In terms of Haruka or any other character’s portrayal as giant robot pilots, they’re never upstaged by any male characters swooping in to save the day; in fact, there aren’t any male pilots at all. Different characters struggle with different aspects of being Idolmasters, and much of the plot is built around striving to overcome those challenges. There’s also a great deal more nudity and sexual behavior (including possibly incest?!) than would be expected of something based on The iDOLM@STER—which might be a dealbreaker for those who strongly believe in the whole “idol purity” concept, but still feels kind of odd for even those of us who don’t.

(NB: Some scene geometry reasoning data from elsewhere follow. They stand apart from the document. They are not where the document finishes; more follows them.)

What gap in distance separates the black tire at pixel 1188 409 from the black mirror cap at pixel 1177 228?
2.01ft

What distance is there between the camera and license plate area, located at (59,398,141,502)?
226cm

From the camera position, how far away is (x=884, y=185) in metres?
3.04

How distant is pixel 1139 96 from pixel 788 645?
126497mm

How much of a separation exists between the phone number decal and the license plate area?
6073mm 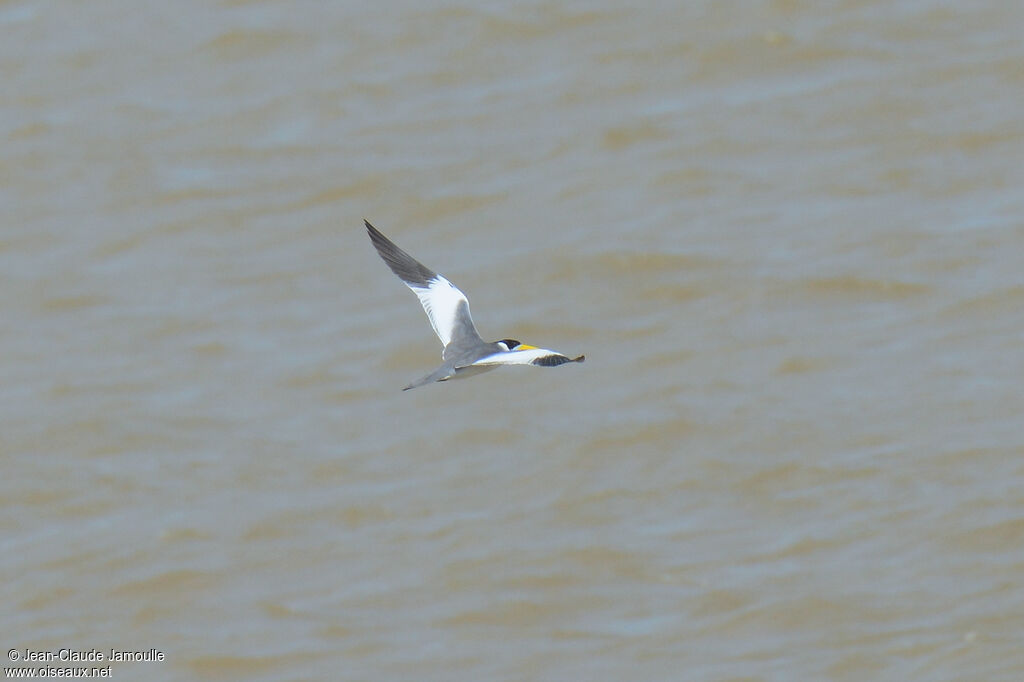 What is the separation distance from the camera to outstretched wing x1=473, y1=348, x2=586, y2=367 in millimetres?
8117

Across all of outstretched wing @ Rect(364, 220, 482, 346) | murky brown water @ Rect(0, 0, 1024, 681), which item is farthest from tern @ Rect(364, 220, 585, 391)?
murky brown water @ Rect(0, 0, 1024, 681)

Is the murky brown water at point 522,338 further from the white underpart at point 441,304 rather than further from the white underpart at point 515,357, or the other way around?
the white underpart at point 515,357

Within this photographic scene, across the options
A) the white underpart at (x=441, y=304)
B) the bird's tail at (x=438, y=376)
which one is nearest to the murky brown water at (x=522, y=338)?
the white underpart at (x=441, y=304)

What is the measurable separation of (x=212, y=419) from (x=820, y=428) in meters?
5.35

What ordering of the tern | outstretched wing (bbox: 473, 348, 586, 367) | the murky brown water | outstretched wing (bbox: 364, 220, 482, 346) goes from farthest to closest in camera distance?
the murky brown water < outstretched wing (bbox: 364, 220, 482, 346) < the tern < outstretched wing (bbox: 473, 348, 586, 367)

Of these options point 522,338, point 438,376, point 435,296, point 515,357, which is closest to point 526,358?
point 515,357

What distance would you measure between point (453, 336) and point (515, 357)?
1513 millimetres

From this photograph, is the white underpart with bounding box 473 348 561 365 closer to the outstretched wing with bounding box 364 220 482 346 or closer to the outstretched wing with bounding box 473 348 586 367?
the outstretched wing with bounding box 473 348 586 367

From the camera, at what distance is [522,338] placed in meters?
15.1

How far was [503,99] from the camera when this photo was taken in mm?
18281

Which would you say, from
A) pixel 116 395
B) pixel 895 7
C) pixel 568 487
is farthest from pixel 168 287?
pixel 895 7

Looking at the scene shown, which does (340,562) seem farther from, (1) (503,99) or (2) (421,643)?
(1) (503,99)

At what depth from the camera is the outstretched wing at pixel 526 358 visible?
812 centimetres

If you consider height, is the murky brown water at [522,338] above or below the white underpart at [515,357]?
below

The relationship between the Idolmasters and their iDOLS also arguably runs counter to “idol purity” because the way they talk about the robots makes them seem on some level like giant mechanical boyfriends—especially the main iDOL, Imber. The robots are shown to be sentient on some level, and the way some characters work to become worthy of and accepted by the mecha while others treat them like companions comes across more like romantic fiction at times. The entire setup of Xenoglossia is conducive to this, showing itself to be the kind of anime where the requisite to becoming Idolmasters has angst-filled drama baked in.
Idolmaster Xenoglossia we got could never be made today. It came out at a time when The iDOLM@STER was a much smaller deal, as evidenced by the fact that the girls are all based on their designs from the first game rather than the revised versions from The iDOLM@STER 2 that have since been codified. This early on, Xenoglossia followed in the fine (?) tradition of titles like Lunar Legend Tsukihime, where it was assumed that a fledgling idol manager franchise needed a boost in star power and storytelling from the anime industry. Now, the shoe’s on the other foot, and if they were to attempt this again, it’d be all but inevitable that the characters would adhere much more closely to their original selves. It’s a historical curiosity, indeed.